Monday, 22 May 2017

Swami Vivekananda - Memories of Kamakhya Nath Mitra - 4

I could not resist the temptation of seeing him again, and so on the next day I went once more to the house of the late Babu Balaram. On this day there was no great gathering. Swamiji was seated in the veranda on an asana surrounded by a group of his brother-disciples. The Brahma-Sutras with Shankara's commentary was being read out by one of them, and Swamiji passed explanatory remarks here and there. Today's atmosphere was different altogether. It was all very quiet. Soon after the reading was finished, one of the Swami's brother-disciples spoke of the spirit-world and read an extract from a theosophical book. Swamiji at once came down upon him and extinguished him completely. I saw that the Swami was a hater of spookism. He clearly said that all this was weakening and debilitating and had nothing to do with true religion. After this, many light topics were introduced, and then Swamiji laughed and joked like a child. Here was another mood.
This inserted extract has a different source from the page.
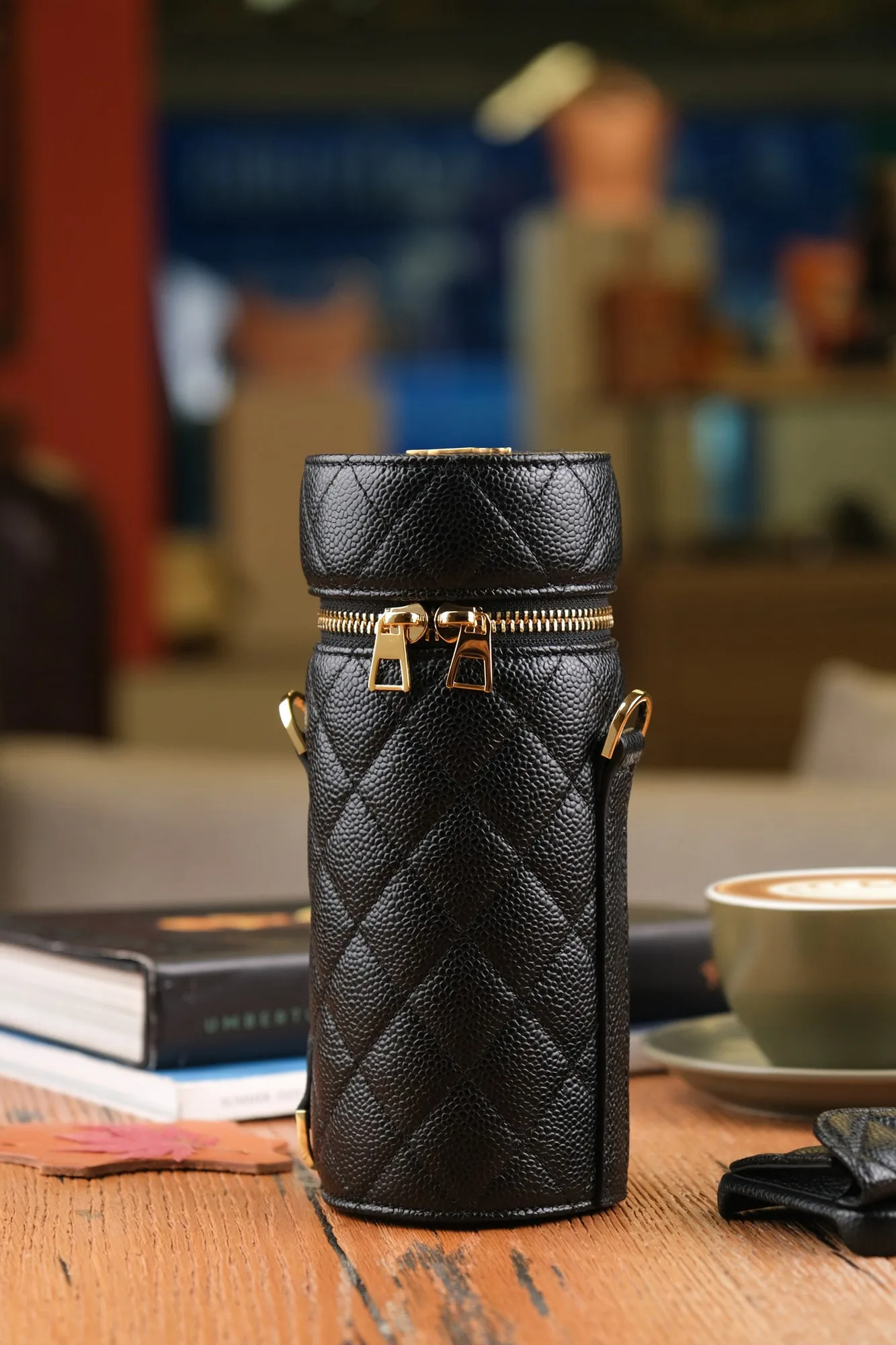 Ảnh Studio Bao da đựng bình giữ nhiệt da Caviar chần trám màu đen - Koi Leather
I said to myself: Is it the same Swami I saw yesterday — the thundering Swami in dead earnest?

It was about a year after this that I saw the Swami once more — and this time on the platform. Now I was face to face with Vivekananda the orator. The scene was the Star Theatre of Calcutta. The occasion was the introduction of Sister Nivedita to the Calcutta public. The hall was crammed to suffocation. On the dais were seated many distinguished persons. I remember only Sir Jagadish Bose and Sir Ananda Charlu among them. Swami Vivekananda was in his best form. He wore a gairic turban and a long-flowing robe which was also gairic in hue. He introduced Sister Nivedita in a neat little speech. The Sister addressed the meeting in a graceful style. Then rose Swami Vivekananda, and he spoke on his foreign policy. The speech is to be found in the Mayavati Memorial Edition of his Complete Works. He brought forward a scheme of his future missionary work in the West. The speech was full of fire. Such thrilling voice, rich intonation, variation of pitch. strong and sonorous accent with occasional explosion as of the bolt of heaven I have never heard in my life nor am I likely to hear again. Sometimes he paced to and fro on the platform as he spoke and folded his arms across his chest. Sometimes he faced the audience and waved his hand. His expressions flowed free and fast with the rush and impetuously of a mountain torrent. His words were like the roaring of a cataract. Well might The New York Herald say: "He is an orator by divine right." Altogether a more majestic, striking, and magnetic personality it is hard to conceive. We heard him spell bound. Each word was an arrow that went straight to the heart.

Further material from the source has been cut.